In mineralogy, amorphous carbon is the name used for coal, soot and other carbon compounds that are neither graphite nor diamond. In a crystallographic sense, however, these materials are not truly amorphous, but are polycrystalline or nanocrystalline materials of graphite or diamond within an amorphous carbon matrix.
The preceding paragraph mentions "carbon compounds" which is wrong or at least misleading. "carbon compounds should be replaced by "impure forms of the element, carbon"
-- Robert W. Widing, Department of Chemistry, University of Illinois at Chicago
Historically, the term "amorphous carbon" was used to describe carbonaceous materials found in soot and coal that could not be categorized as either diamond or graphite. However, these materials are not truly amorphous, but consist of crystallites of graphite or diamond with varying amounts of amorphous carbon holding them together, making them technically polycrystalline or nanocrystalline materials. Commercial carbon also usually contains significant quantities of other elements, which may form crystalline impurities.

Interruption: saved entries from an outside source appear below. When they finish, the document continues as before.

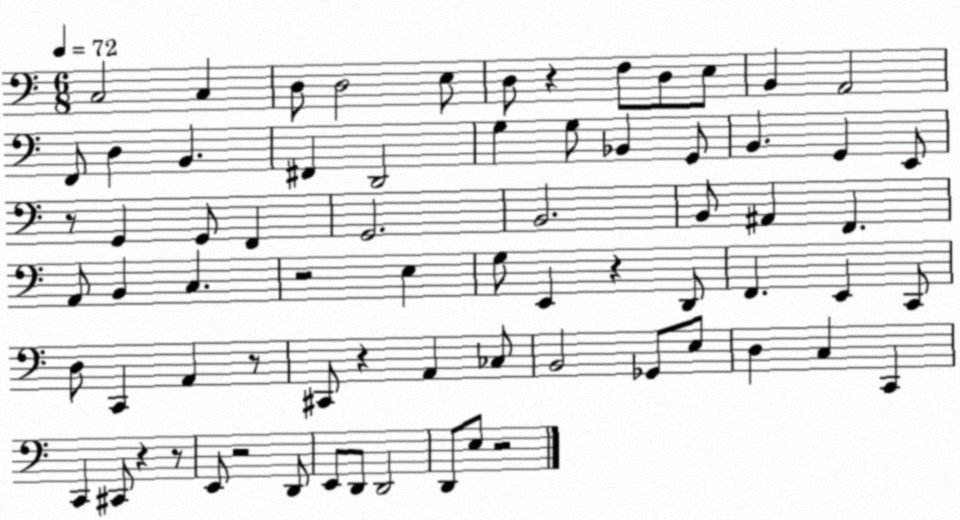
X:1
T:Untitled
M:6/8
L:1/4
K:C
C,2 C, D,/2 D,2 E,/2 D,/2 z F,/2 D,/2 E,/2 B,, A,,2 F,,/2 D, B,, ^F,, D,,2 G, G,/2 _B,, G,,/2 B,, G,, E,,/2 z/2 G,, G,,/2 F,, G,,2 B,,2 B,,/2 ^A,, F,, A,,/2 B,, C, z2 E, G,/2 E,, z D,,/2 F,, E,, C,,/2 D,/2 C,, A,, z/2 ^C,,/2 z A,, _C,/2 B,,2 _G,,/2 E,/2 D, C, C,, C,, ^C,,/2 z z/2 E,,/2 z2 D,,/2 E,,/2 D,,/2 D,,2 D,,/2 E,/2 z2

Coal and soot are both informally called amorphous carbon. However, both are products of pyrolysis, which does not produce true amorphous carbon under normal conditions. The coal industry divides coal up into various grades depending on the amount of carbon present in the sample compared to the amount of impurities. The highest grade, anthracite, is about 90 percent carbon and 10% other elements. Bituminous coal is about 75-90 percent carbon, and lignite is the name for coal that is around 55 percent carbon.
All practical forms of hydrogenated carbon—including cigarette smoke, wood fire smoke, smoked sausages, chimney soot, mined coal such as bitumen and anthracite—contain large amounts of polycyclic aromatic hydrocarbon tars, and are therefore carcinogenic.
In modern science
With the development of modern thin film deposition and growth techniques in the latter half of the 20th century, such as chemical vapour deposition, sputter deposition, and cathodic arc deposition, it became possible to fabricate truly amorphous carbon materials.

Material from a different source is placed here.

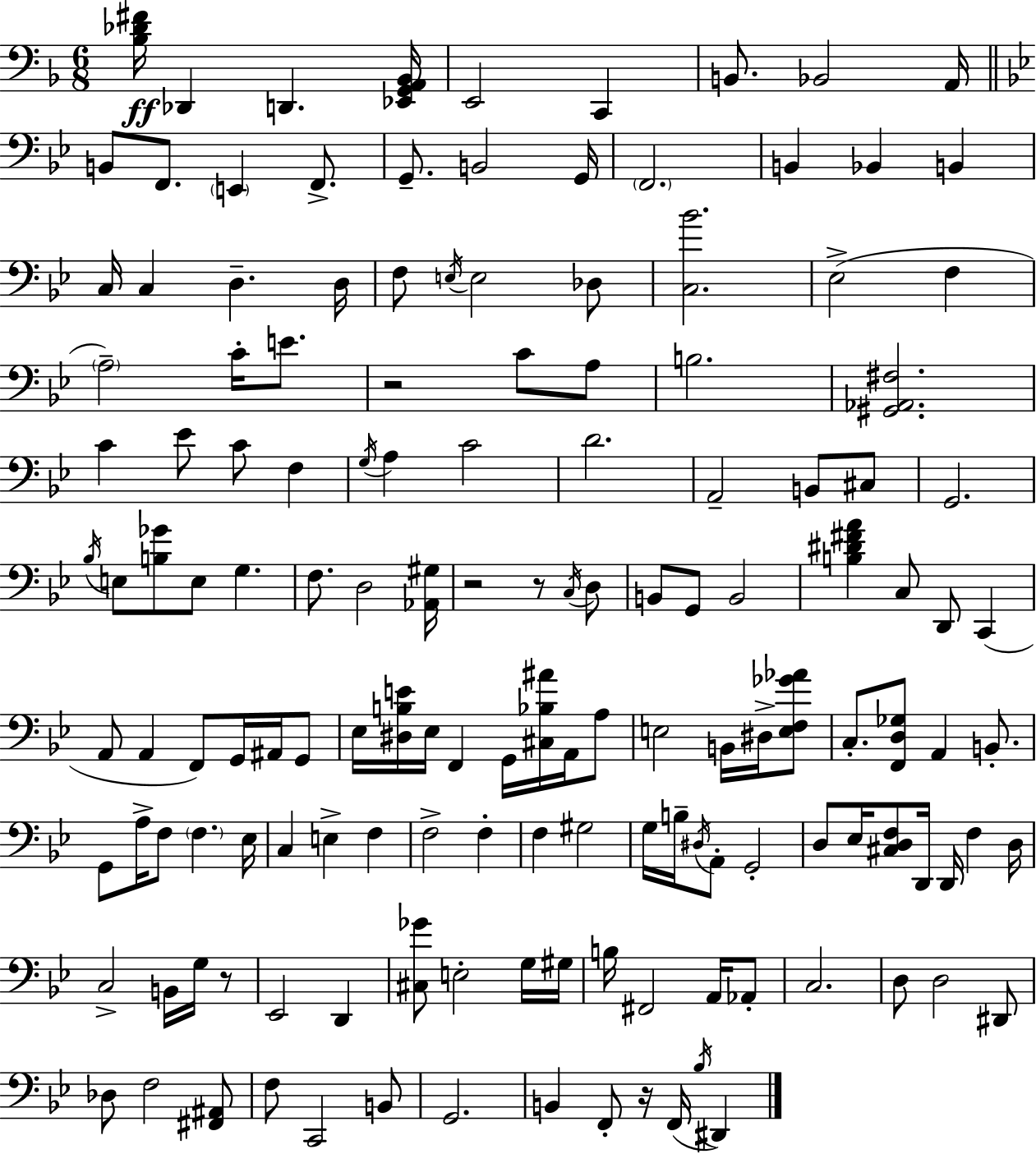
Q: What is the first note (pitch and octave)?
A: Db2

In technical terms, true amorphous carbon has localized π electrons (as opposed to the aromatic π bonds in graphite), and its bonds form with lengths and distances that are inconsistent with any other allotrope of carbon. It also contains a high concentration of dangling bonds, which cause deviations in interatomic spacing (as measured using diffraction) of more than 5%, and noticeable variation in bond angle.

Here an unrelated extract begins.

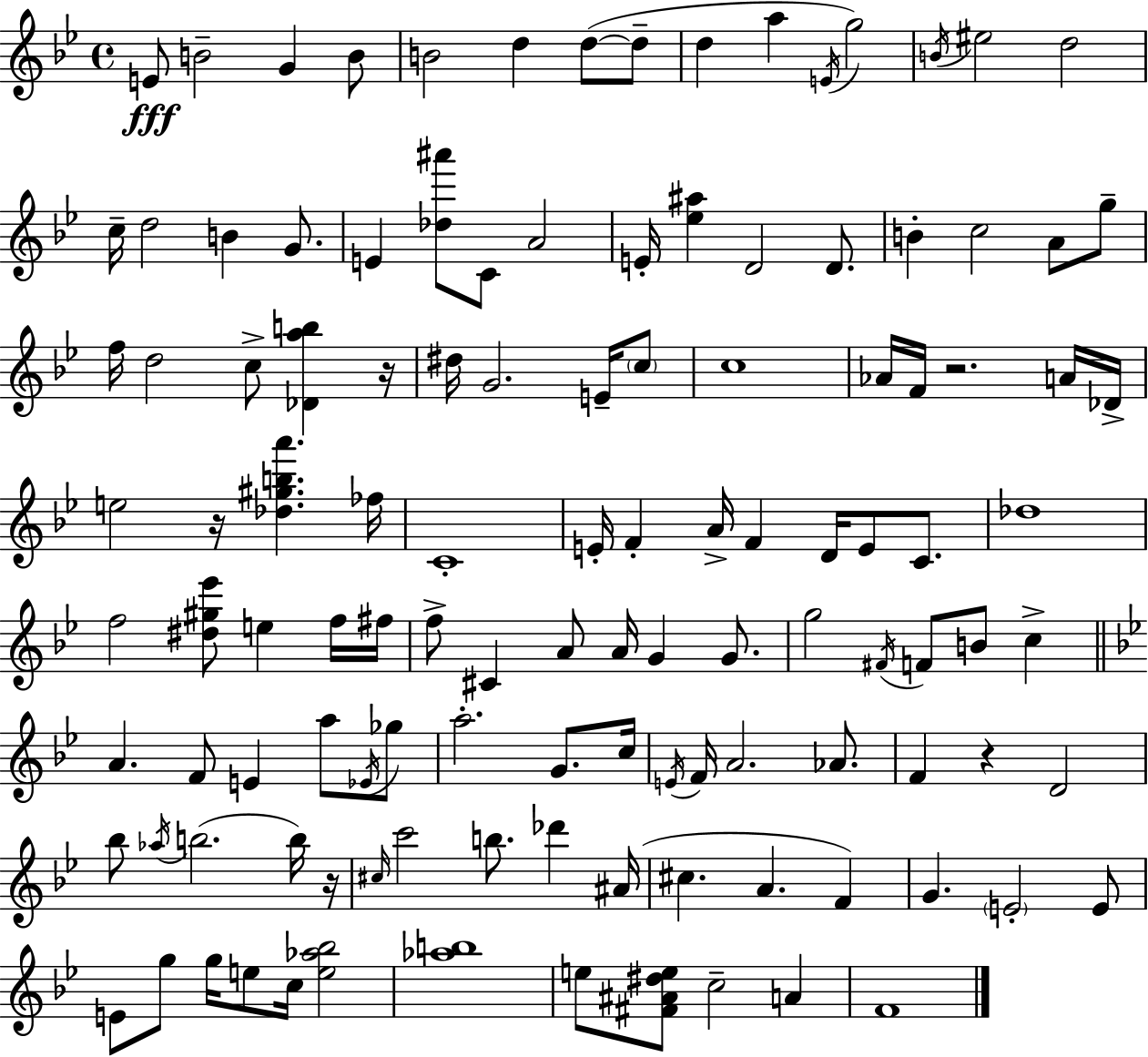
E4/e B4/h G4/q B4/e B4/h D5/q D5/e D5/e D5/q A5/q E4/s G5/h B4/s EIS5/h D5/h C5/s D5/h B4/q G4/e. E4/q [Db5,A#6]/e C4/e A4/h E4/s [Eb5,A#5]/q D4/h D4/e. B4/q C5/h A4/e G5/e F5/s D5/h C5/e [Db4,A5,B5]/q R/s D#5/s G4/h. E4/s C5/e C5/w Ab4/s F4/s R/h. A4/s Db4/s E5/h R/s [Db5,G#5,B5,A6]/q. FES5/s C4/w E4/s F4/q A4/s F4/q D4/s E4/e C4/e. Db5/w F5/h [D#5,G#5,Eb6]/e E5/q F5/s F#5/s F5/e C#4/q A4/e A4/s G4/q G4/e. G5/h F#4/s F4/e B4/e C5/q A4/q. F4/e E4/q A5/e Eb4/s Gb5/e A5/h. G4/e. C5/s E4/s F4/s A4/h. Ab4/e. F4/q R/q D4/h Bb5/e Ab5/s B5/h. B5/s R/s C#5/s C6/h B5/e. Db6/q A#4/s C#5/q. A4/q. F4/q G4/q. E4/h E4/e E4/e G5/e G5/s E5/e C5/s [E5,Ab5,Bb5]/h [Ab5,B5]/w E5/e [F#4,A#4,D#5,E5]/e C5/h A4/q F4/w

The properties of amorphous carbon films vary depending on the parameters used during deposition. One of the most common ways to characterize amorphous carbon is through the ratio of sp2 to sp3 hybridized bonds present in the material. Graphite consists purely of sp2 hybridized bonds, whereas diamond consists purely of sp3 hybridized bonds. Materials that are high in sp3 hybridized bonds are referred to as tetrahedral amorphous carbon (owing to the tetrahedral shape formed by sp3 hybridized bonds) or as diamond-like carbon (owing to the similarity of many physical properties to those of diamond).
Experimentally, sp2 to sp3 ratios can be determined by comparing the relative intensities of various spectroscopic peaks (including EELS, XPS, and Raman Spectroscopy) to those expected for graphite or diamond. In theoretical works, the sp2 to sp3 ratios are often obtained by counting the number of carbon atoms with three bonded neighbors versus those with four bonded neighbors. (Note that this relies heavily on deciding on a 'cutoff' distance that determines whether neighbouring atoms are bonded or not, and is therefore merely used as an indication of the relative sp2-sp3 ratio.)
Although the characterization of amorphous carbon materials by the sp2-sp3 ratio may seem to indicate a one-dimensional range of properties between graphite and diamond, this is most definitely not the case. Research is currently ongoing into ways to characterize and expand on the range of properties offered by amorphous carbon materials.
Amorphous carbon materials may also be stabilized by terminare dangling-π bonds with hydrogen. These materials are then called hydrogenated amorphous carbon.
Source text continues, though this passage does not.